Retention Periods for your Personal Data
We process and store your personal data for as long as necessary to fulfil our contractual and statutory obligations or other purposes for which we are processing the data, i.e. for the term of the entire business relationship (from the initiation to the performance and termination of a contract), as well as in line with the statutory regulations concerning retention and documentation. It is possible that personal data might be stored for the period of time in which claims can be filed against our company and if we are otherwise legally obliged to do so, or if our legitimate interests require it (e.g. for the purposes of evidence and documentation). Where possible, your personal data will be erased or anonymised as soon as it is no longer required for the purposes above. Operational data is generally subject to shorter retention periods of 12 months or less.
In so far as possible and feasible, we have implemented reasonable technical and organisational measures to protect your personal data from being accessed by unauthorised parties and misused.
Obligation to disclose Personal Data
As part of our business relationship, you are required to provide the personal data necessary for the initiation and execution of a business relationship and for the fulfilment of the related contractual obligations (you are not normally legally obliged to provide us with data). Without such data, we will not normally be able to enter into or execute a contract with you (or the body or person you represent).
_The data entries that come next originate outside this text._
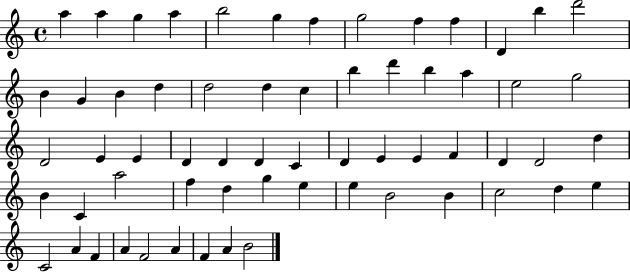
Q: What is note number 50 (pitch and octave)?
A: B4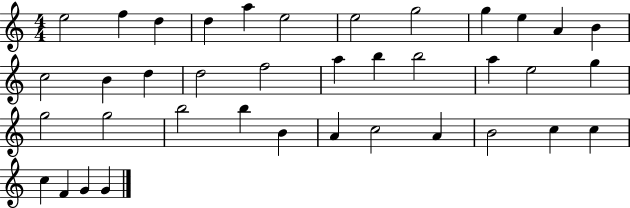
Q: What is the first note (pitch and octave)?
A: E5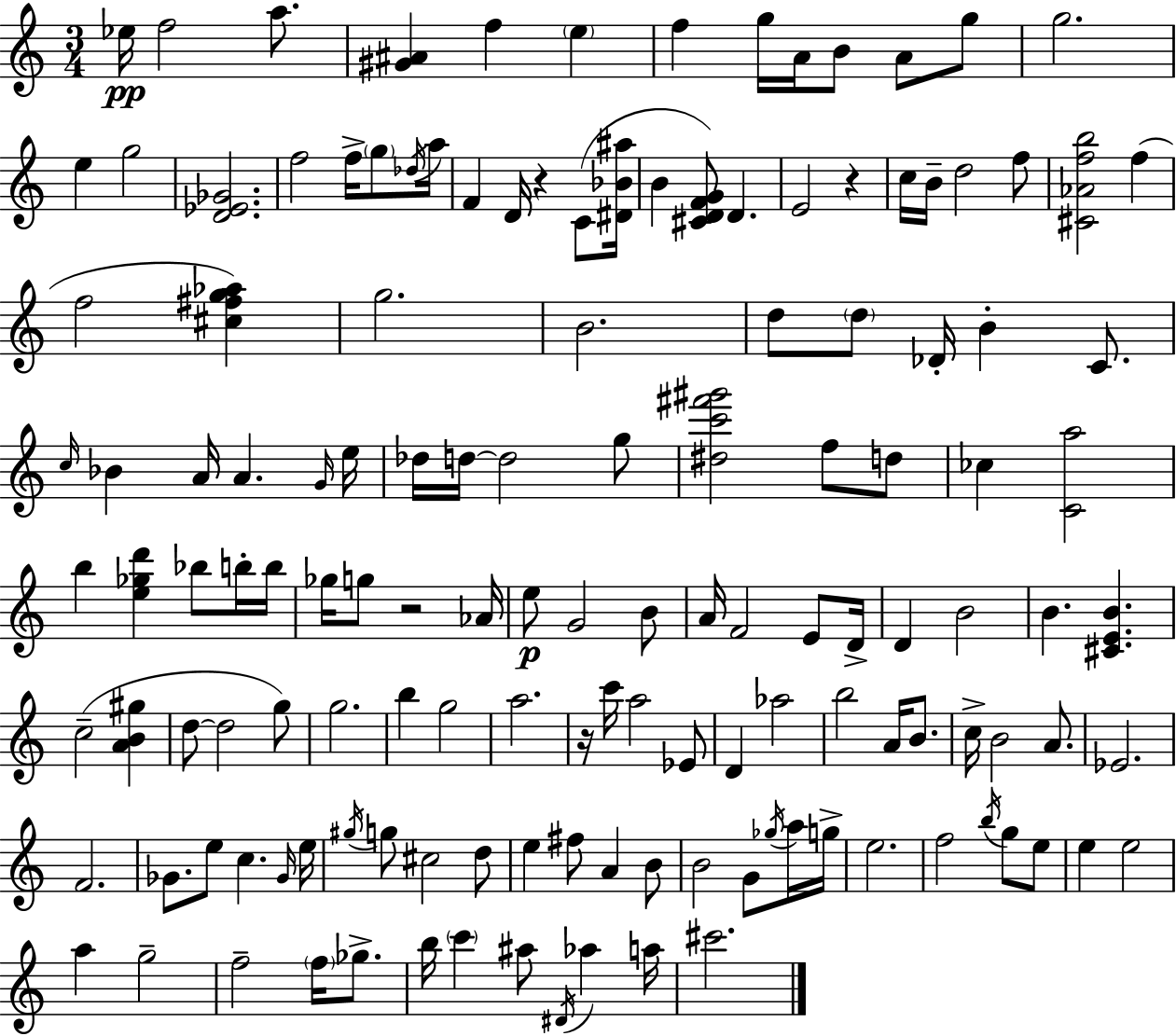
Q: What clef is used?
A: treble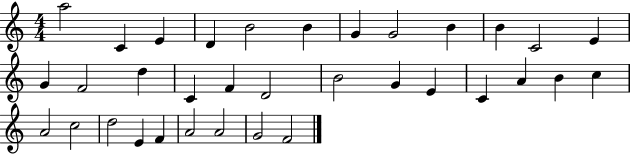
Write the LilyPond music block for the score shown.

{
  \clef treble
  \numericTimeSignature
  \time 4/4
  \key c \major
  a''2 c'4 e'4 | d'4 b'2 b'4 | g'4 g'2 b'4 | b'4 c'2 e'4 | \break g'4 f'2 d''4 | c'4 f'4 d'2 | b'2 g'4 e'4 | c'4 a'4 b'4 c''4 | \break a'2 c''2 | d''2 e'4 f'4 | a'2 a'2 | g'2 f'2 | \break \bar "|."
}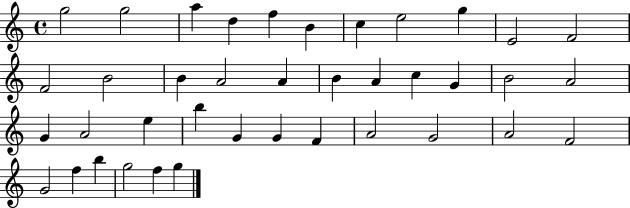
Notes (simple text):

G5/h G5/h A5/q D5/q F5/q B4/q C5/q E5/h G5/q E4/h F4/h F4/h B4/h B4/q A4/h A4/q B4/q A4/q C5/q G4/q B4/h A4/h G4/q A4/h E5/q B5/q G4/q G4/q F4/q A4/h G4/h A4/h F4/h G4/h F5/q B5/q G5/h F5/q G5/q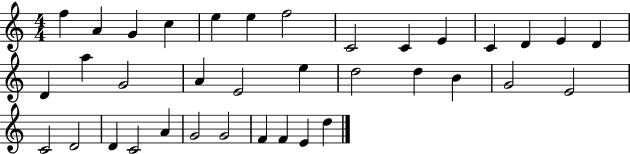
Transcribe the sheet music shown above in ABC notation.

X:1
T:Untitled
M:4/4
L:1/4
K:C
f A G c e e f2 C2 C E C D E D D a G2 A E2 e d2 d B G2 E2 C2 D2 D C2 A G2 G2 F F E d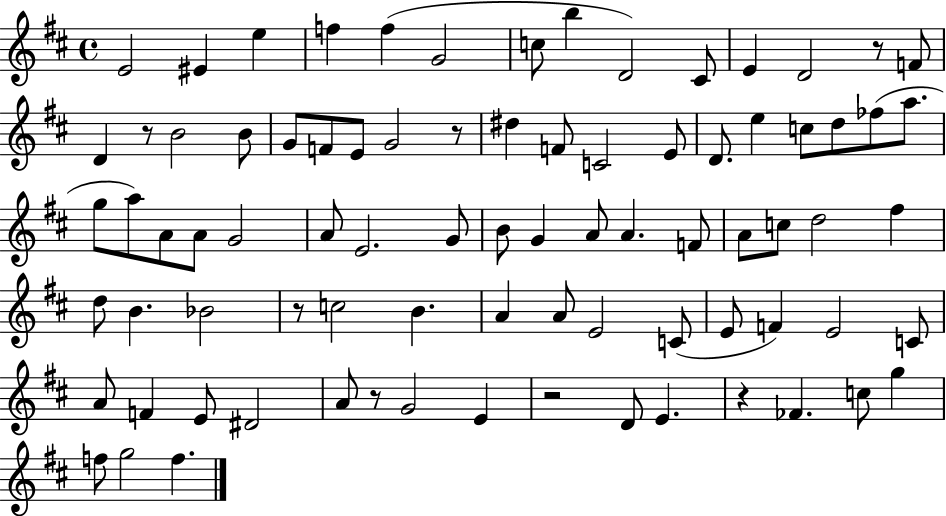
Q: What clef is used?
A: treble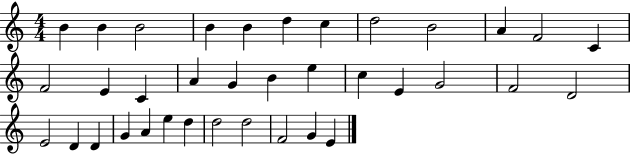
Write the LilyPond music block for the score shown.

{
  \clef treble
  \numericTimeSignature
  \time 4/4
  \key c \major
  b'4 b'4 b'2 | b'4 b'4 d''4 c''4 | d''2 b'2 | a'4 f'2 c'4 | \break f'2 e'4 c'4 | a'4 g'4 b'4 e''4 | c''4 e'4 g'2 | f'2 d'2 | \break e'2 d'4 d'4 | g'4 a'4 e''4 d''4 | d''2 d''2 | f'2 g'4 e'4 | \break \bar "|."
}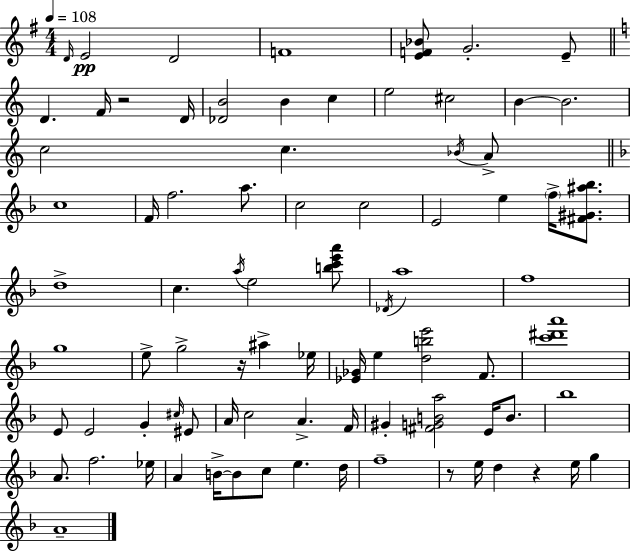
D4/s E4/h D4/h F4/w [E4,F4,Bb4]/e G4/h. E4/e D4/q. F4/s R/h D4/s [Db4,B4]/h B4/q C5/q E5/h C#5/h B4/q B4/h. C5/h C5/q. Bb4/s A4/e C5/w F4/s F5/h. A5/e. C5/h C5/h E4/h E5/q F5/s [F#4,G#4,A#5,Bb5]/e. D5/w C5/q. A5/s E5/h [B5,C6,E6,A6]/e Db4/s A5/w F5/w G5/w E5/e G5/h R/s A#5/q Eb5/s [Eb4,Gb4]/s E5/q [D5,B5,E6]/h F4/e. [C6,D#6,A6]/w E4/e E4/h G4/q C#5/s EIS4/e A4/s C5/h A4/q. F4/s G#4/q [F#4,G4,B4,A5]/h E4/s B4/e. Bb5/w A4/e. F5/h. Eb5/s A4/q B4/s B4/e C5/e E5/q. D5/s F5/w R/e E5/s D5/q R/q E5/s G5/q A4/w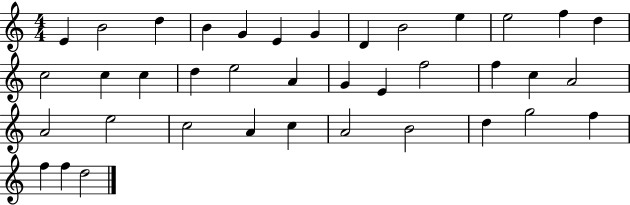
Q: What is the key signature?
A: C major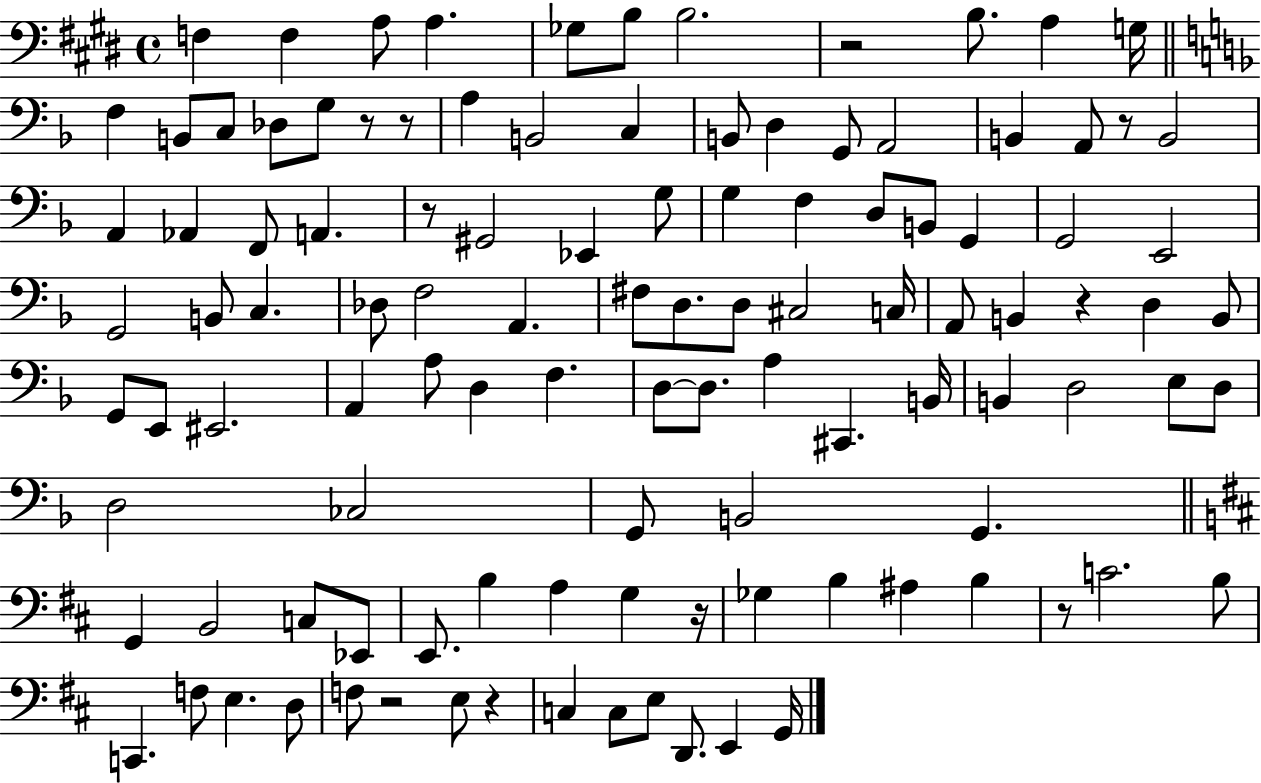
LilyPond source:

It might not even be possible to use the website if certain information is not disclosed for the purposes of securing the transmission of data (e.g. your IP address).
Rights of the Data Subject
Under the applicable data protection legislation and to the extent provided for therein, you are entitled to access information, to rectification, to erasure, to restriction of processing, to object to the processing of data by us and to other legitimate interests in the processing, and to receive certain personal data for the purposes of transmitting it to another controller (i.e. data portability). However, please note that we reserve the right to utilise the statutory restrictions on our part if, for instance, we are obliged to store or process certain data, have an overriding interest in doing so (provided that we are permitted to cite it) or need to do so in order to exercise legal rights. We have already made you aware of your option to withdraw your consent in section 3.
As a rule, exercising such rights requires you to provide evidence of your identity (e.g. a copy of your personal identification if your identity is not otherwise clear and cannot be verified). You can contact us at the address provided in section 1 in order to exercise your rights.
Furthermore, every data subject has the right to enforce their claims in a court of law and to lodge a complaint with a supervisory authority. The supervisory authority for data protection in Switzerland is the Federal Data Protection and Information Commissioner (FDPIC) (http://www.edoeb.admin.ch).
SSL and TLS encryption
For security reasons and in order to protect the transfer of confidential content such as enquiries which you send to us, the operator of the website, this website uses SSL and TLS encryption.